El viajero llega hasta la casa y en un rincón ve aperos de labranza, una vieja calesa. Se acuerda muy bien de la atmósfera de uno de los cuadros, con tinajas, surcos, animales, toda la vida secreta de la granja. De este paisaje irreal sale un hombre que está haciendo unos trabajos. «No, no soy de la familia, ellos vienen de vez en cuando», explica. El viajero pregunta asombrado cómo es posible que hayan construido ahí la autovía. El hombre sonríe y se encoge de hombros, apesadumbrado: «Ya, qué quiere que le diga...». Miró pintó varias veces la masía entre 1918 y 1922. En Montroig redescubrió su lazo íntimo con la realidad más auténtica. Miró pintaba con trazos infantiles su niñez, su tierra, su país, la raíz primitiva de la vida.

En esa torre ahora peinada sin misericordia por los camiones estuvieron charlando una tarde Miró y Hemingway, y muchos otros.
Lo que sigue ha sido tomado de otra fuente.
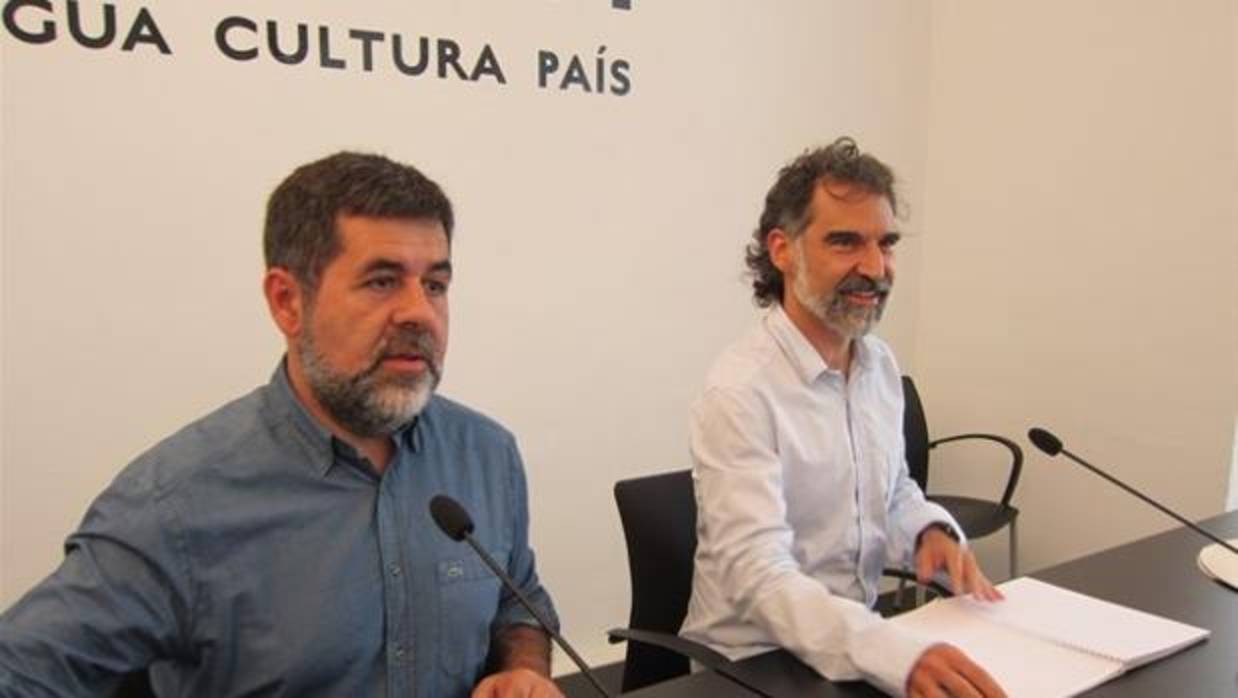 El presidente de la ANC, Jordi Sànchez, y el de Òmnium Cultural, Jordi Cuixart, en rueda de prensa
Ante la torre, después de varios días viendo barbaridades y pensando que aún le queda lo peor, el viajero se entristece definitivamente por un país enfermo de ladrillo que sepulta la casa de Miró para hacer una autovía que encima no hace falta. No le suena haber visto algo del tema en la tele, en esos ratitos de noticias que preceden a los largos minutos de deportes.

«Montroig es para mí una religión», dijo una vez Miró, que volvía siempre allí como a un refugio seguro. Quizá hoy ya no creería en nada. El viajero se asusta como un ingenuo al pensar que, si no se preservan los símbolos, los reductos de la memoria cultural, cómo puede esperar la gente corriente reencontrar la plaza donde jugaba, la ribera donde iba a bañarse o el rincón del primer beso.

Al viajero le dan envidia ciertas corporaciones, ciertos alcaldes, constructores, caciquillos provinciales, técnicos de las instituciones, políticos regionales, famosos que les hacen anuncios, porque son capaces de destruir sin miramientos, dejar atrás el pasado. No tienen miedo al cambio, y seguramente tampoco a la muerte ni las despedidas. Algunos son únicamente palurdos ignorantes, es verdad, pobre gente que sólo tiene dinero. Pero otros debe de ser porque han vendido su alma al diablo. El viajero se propone recordarlo por si acaso los acaba encontrando en el Infierno, nunca se sabe, y si es que llega antes de que lo recalifiquen.